Extracted material:
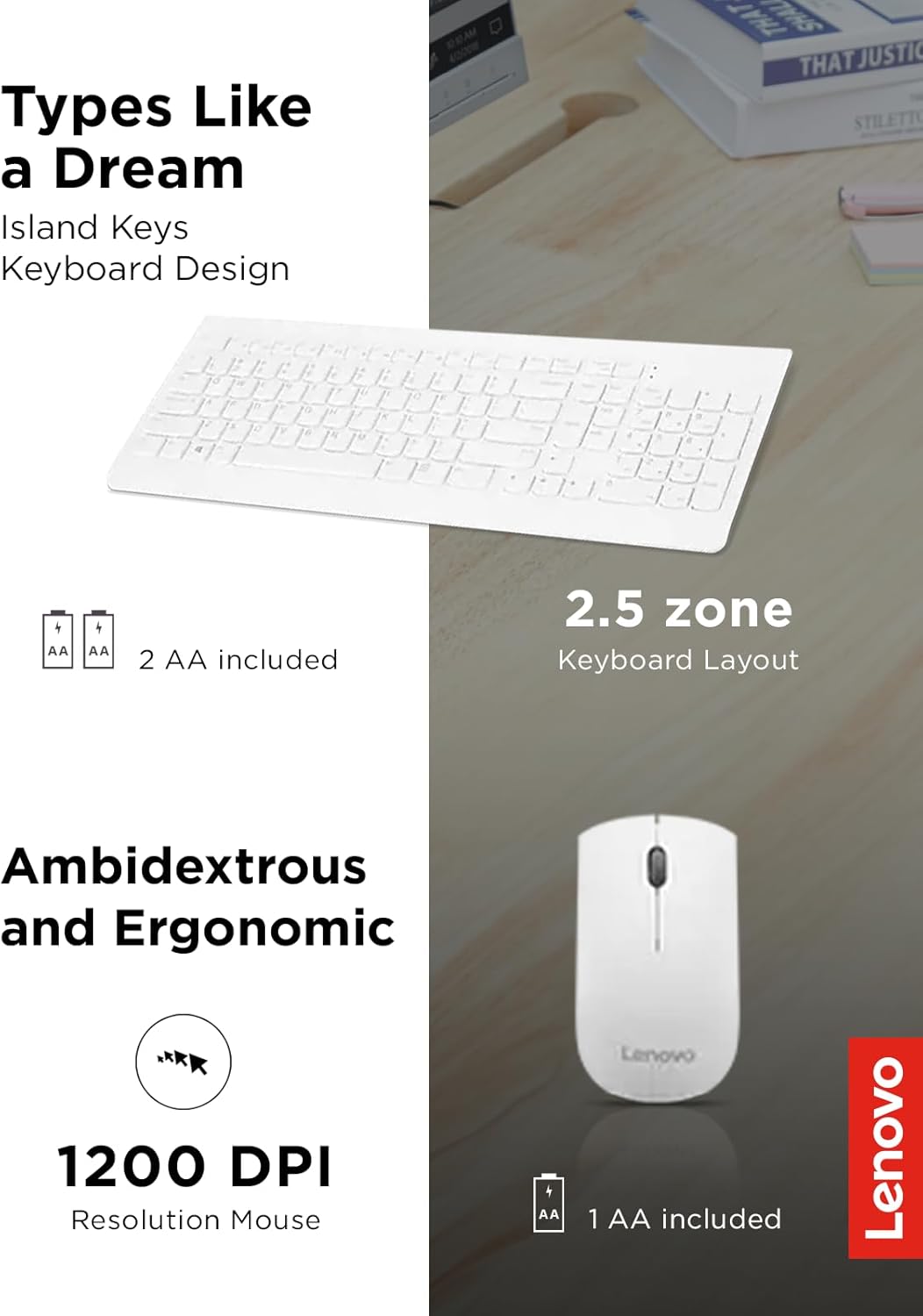 Lenovo 510 Combo inalámbrico con receptor USB de 2.4 GHz, teclado d...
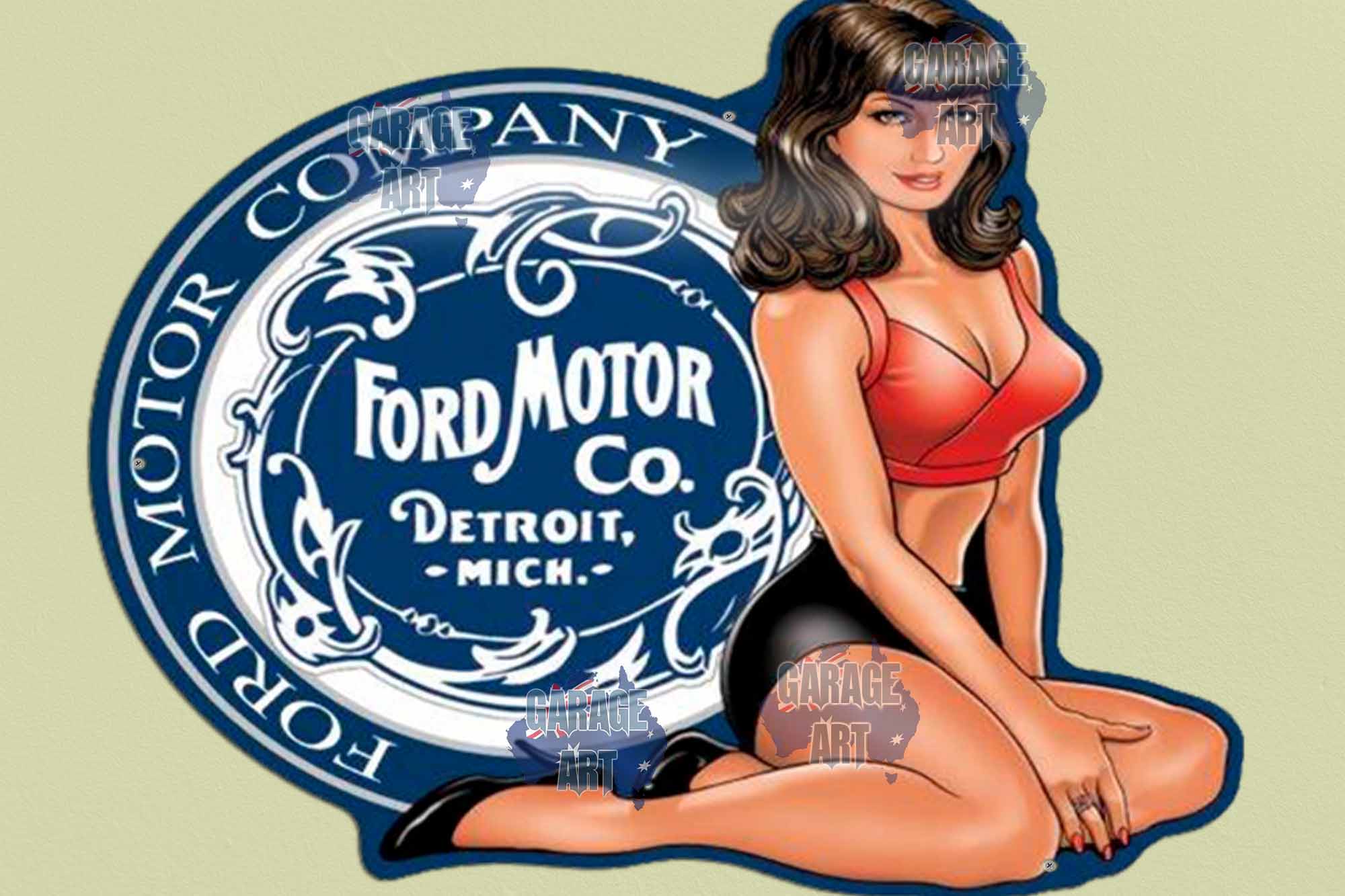 Ford Motor Co Pinup Tin Sign freeshipping - garageartaustralia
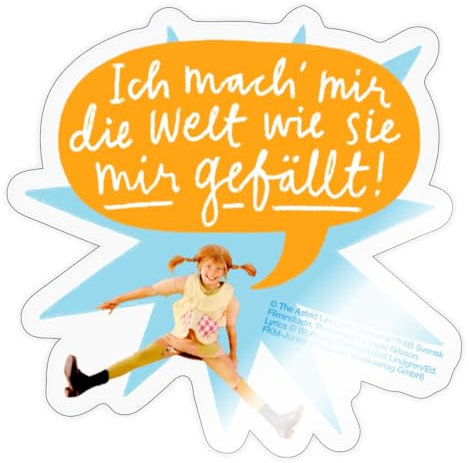 Spreadshirt Pippi Langstrumpf Springende Pippi Mit Sprechblase Sticker Aufkleber, 10 x 10 cm, Transparent glänzend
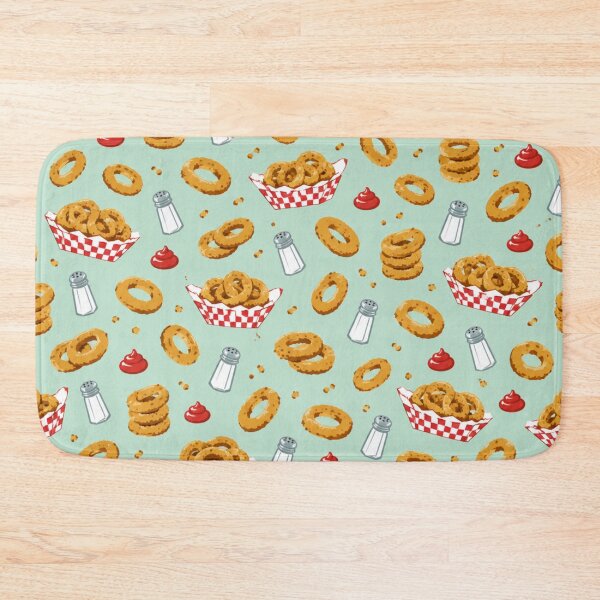 Item preview, Onion Rings Retro Diner Pattern | 1950s Kitsch Food Print with Checked Baskets and Ketchup designed and sold by StickyGuys.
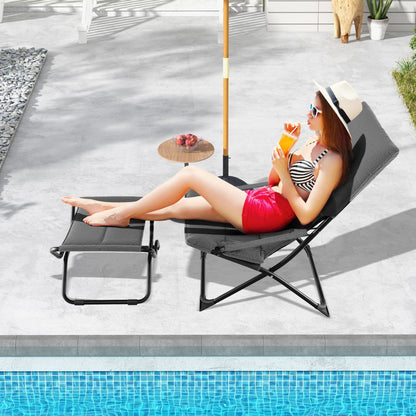 Costway Patio Folding Sling Chair with Ottoman Portable Lounge Chair with Footrest-Grey
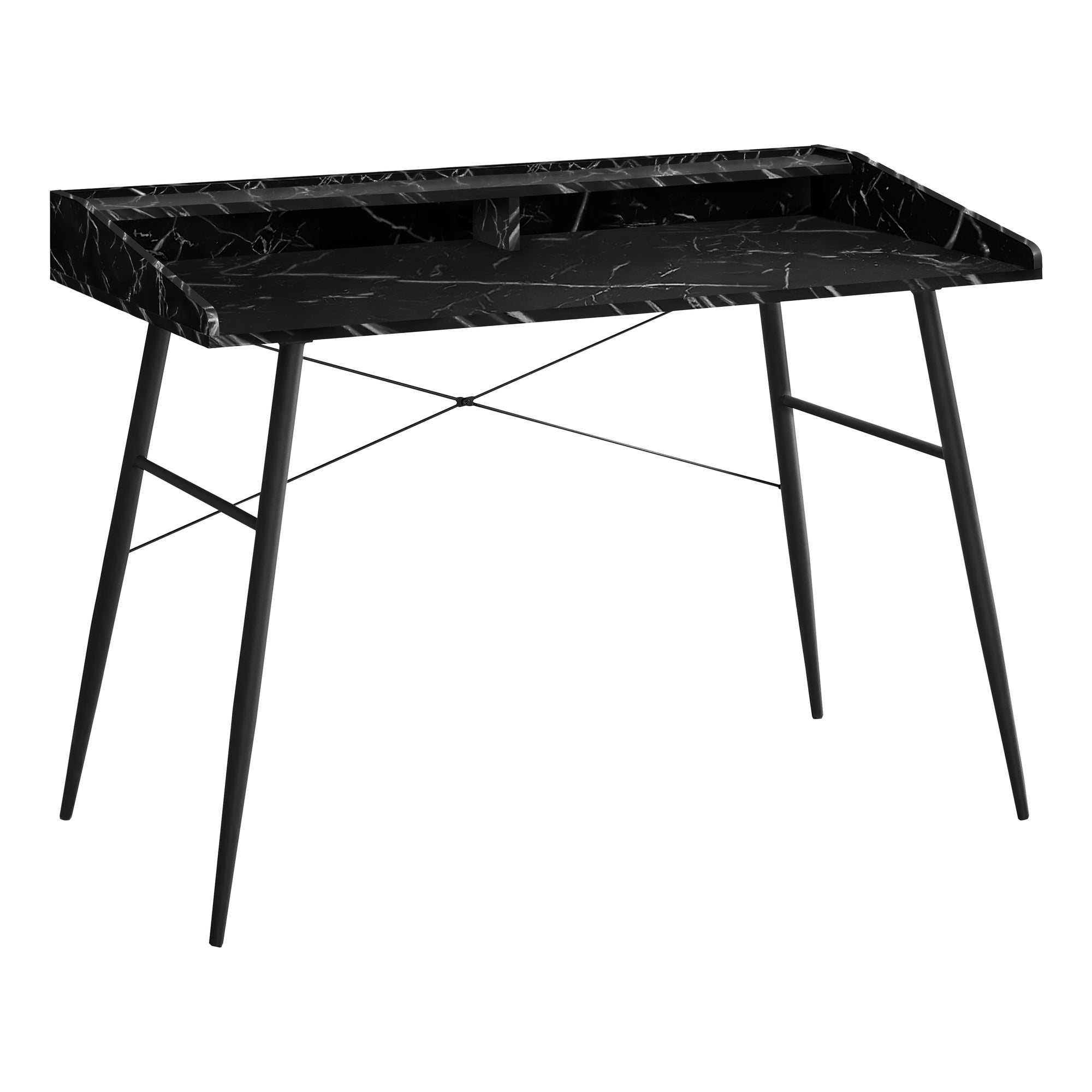 BUREAU D'ORDINATEUR - 48"L / ASPECT MARBRE NOIR / MÉTAL NOIR ( Meuble Mtl ) 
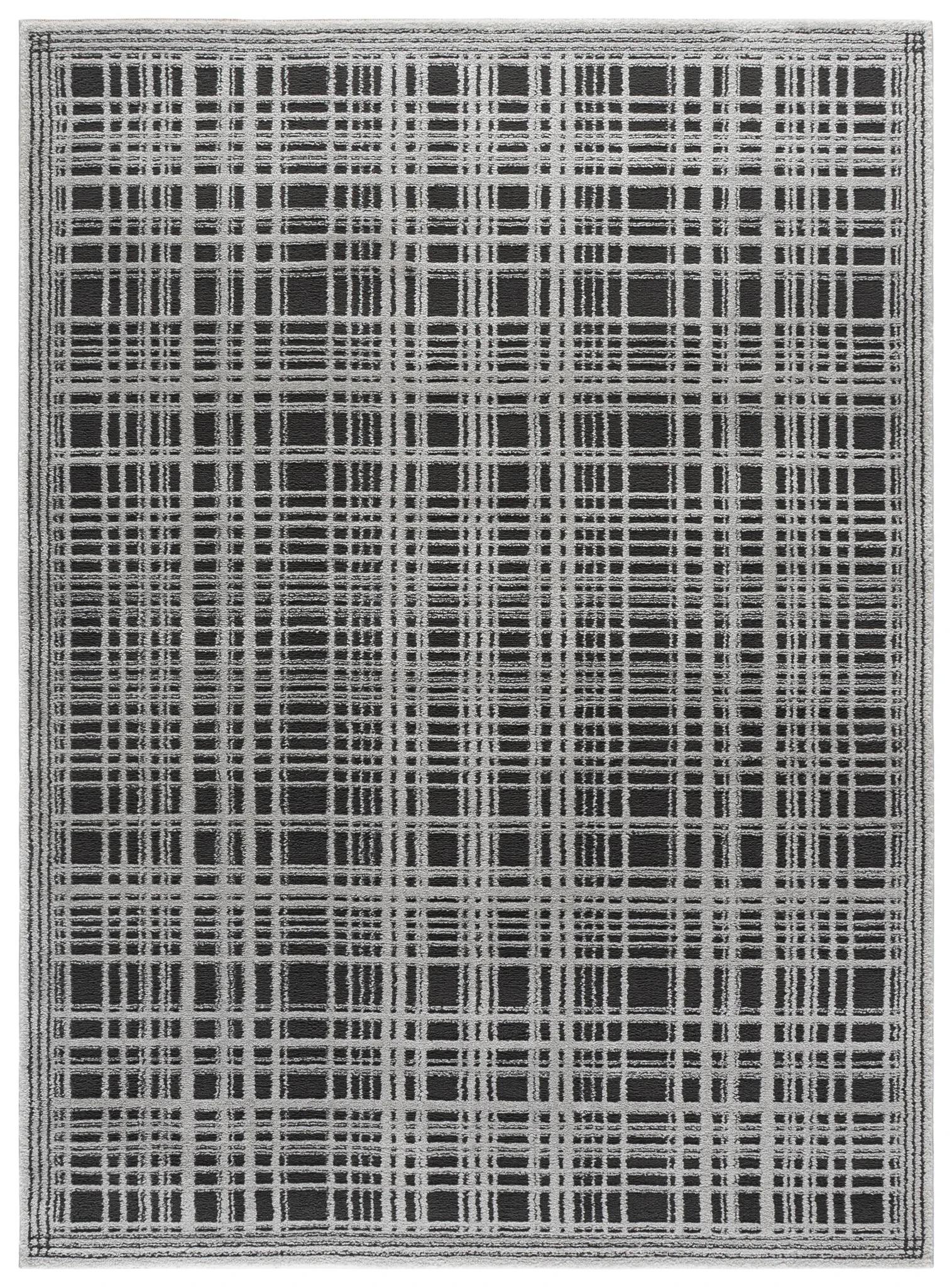 Lunara Plaid Bordered Rug in Black / Ivory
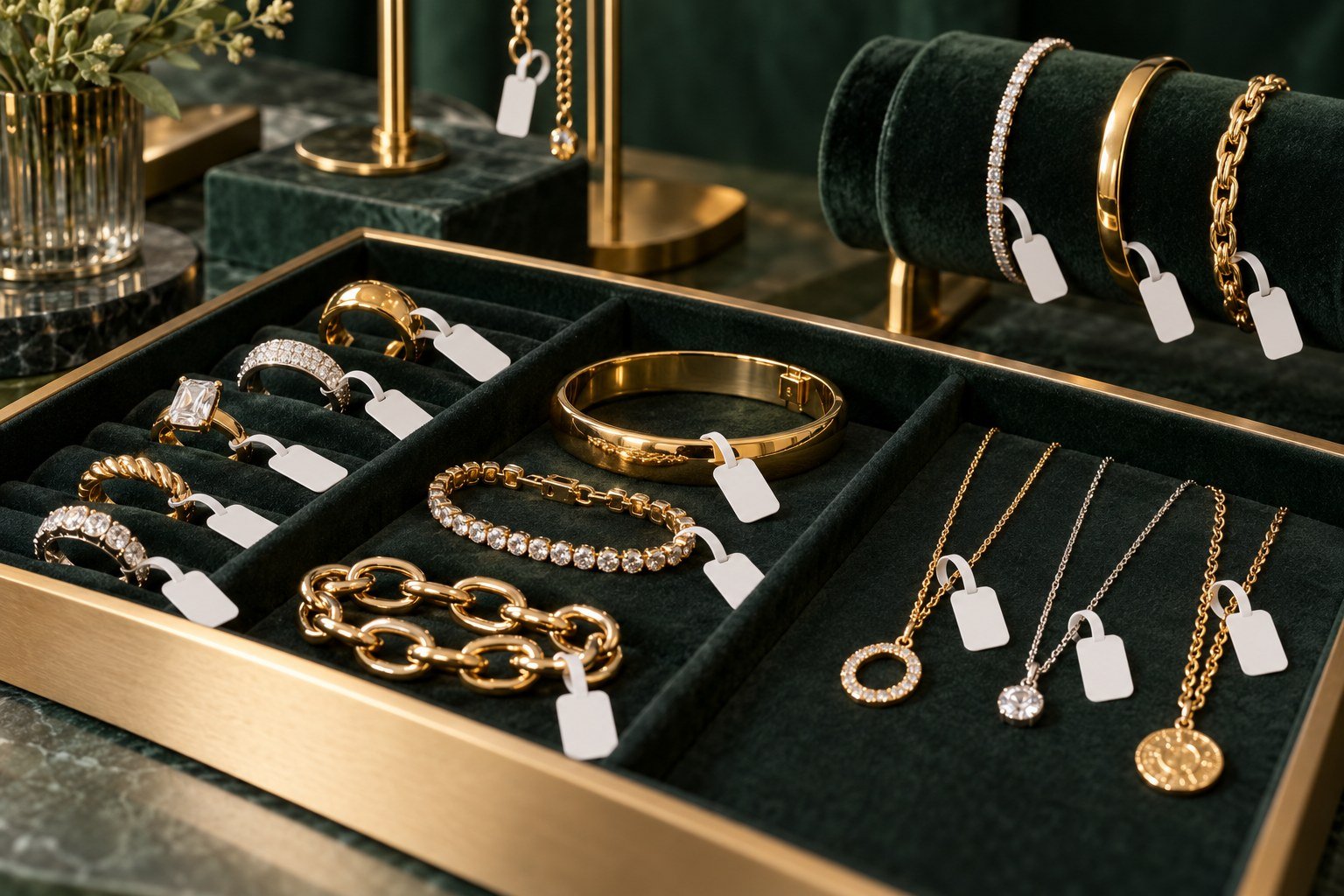 Illustrative jewellery retail stock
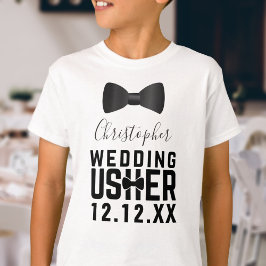 Barn Bröllop Usher Svart Fluga T-Shirt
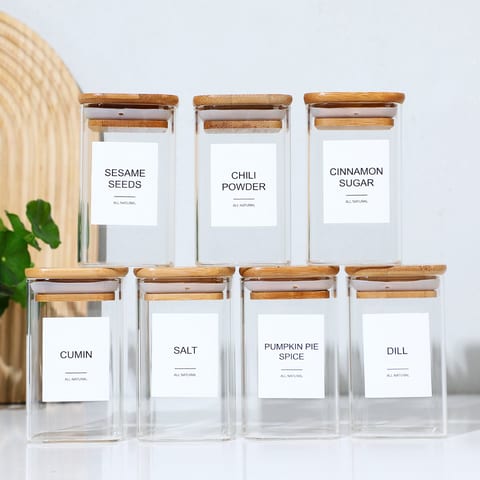 12 Pcs Square Spice Jars With 72 Stickers, Kitchen Pepper Jars For Salt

Work task: Except for the pictures, set down all of the records exactly as they are.

Task output:
 Lenovo 510 Combo inalámbrico con receptor USB de 2.4 GHz, teclado d...
 Ford Motor Co Pinup Tin Sign freeshipping - garageartaustralia
 Spreadshirt Pippi Langstrumpf Springende Pippi Mit Sprechblase Sticker Aufkleber, 10 x 10 cm, Transparent glänzend
 Item preview, Onion Rings Retro Diner Pattern | 1950s Kitsch Food Print with Checked Baskets and Ketchup designed and sold by StickyGuys.
 Costway Patio Folding Sling Chair with Ottoman Portable Lounge Chair with Footrest-Grey
 BUREAU D'ORDINATEUR - 48"L / ASPECT MARBRE NOIR / MÉTAL NOIR ( Meuble Mtl ) 
 Lunara Plaid Bordered Rug in Black / Ivory
 Illustrative jewellery retail stock
 Barn Bröllop Usher Svart Fluga T-Shirt
 12 Pcs Square Spice Jars With 72 Stickers, Kitchen Pepper Jars For Salt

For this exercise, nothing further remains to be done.